Oxylabs, the proxy and public web data acquisition solution provider enabling companies of all sizes to utilise the power of big data, has published a whitepaper, Alternative Data Unlocks Key Decisions in the UK & US Finance Industries, finding almost three-quarters (71 per cent) of financial services organisations are now using web scraping to gather external data to guide their decision-making.
In cooperation with Censuswide, Oxylabs surveyed 500 UK-based and 501 US-based senior data decision-makers from UK and US financial services companies, gathering insights on attitudes towards data collection in the sector.
Internal data (74 per cent) remains the most popular source for businesses, but there are clear signs web scraping is set to overtake it in the near future. Over two-thirds of respondents (68 per cent) plan to increase their data budgets in the coming year, while 80 per cent believe they will focus more strongly on web scraping in the same period.

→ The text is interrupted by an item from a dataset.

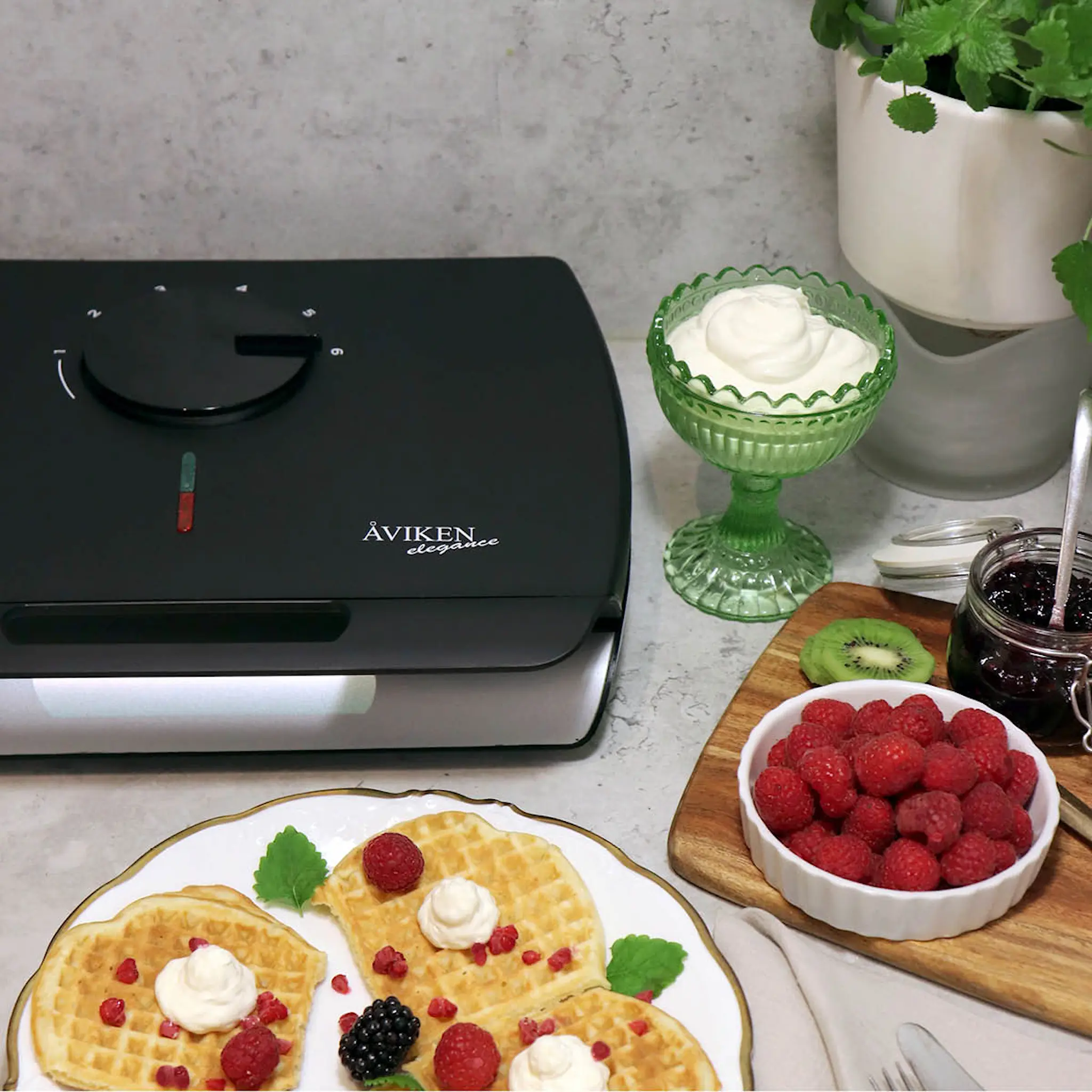Åviken Elegance dubbelt våffeljärn 910 1600W svart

Other methods, such as third-party data aggregators (used by 56 per cent) remain an important part of the data-gathering ecosystem, but are now a long way behind web scraping and internal data.
Gediminas Rickevičius, VP of global partnerships at Oxylabs, said: “Internal data is relatively cheap, efficient and company-unique, so it’s not a surprise that it’s the dominant acquisition method. Alternative data and web scraping being so close, however, is something completely new. There’s a clear interest and even necessity to uncover new ways of unearthing data-driven insights from untapped sources. It’s clear – financial services companies are expecting to get their edge through web-scraped alternative data.”
Despite web scraping’s rise, there remain some concerns among decision-makers about how to implement it in a safe, cost-effective, and compliant manner. Almost four in ten (38 per cent) state risk and legal complications as the main factors discouraging them from using web scraping. Alongside this, 36 per cent are concerned about budget constraints or the need to introduce complicated new technology, and 34 per cent believe they lack the technical know-how to make web scraping a success.
Vaidotas Šedys, head of risk management at Oxylabs, added: “Risk is inherent to all new technologies, as pioneering a new field means there are no footsteps to follow. Any web scraping risks, however, can be greatly mitigated by applying data collection and management best practices and employing legal and risk professionals to ensure web scraping is done in a compliant, safe and ethical way.”
He concluded: “These practices may take some time to get used to, but done in the right way, there’s every chance that financial services businesses can gain valuable new insights, improve customer experiences and achieve strong ROI through web scraping.”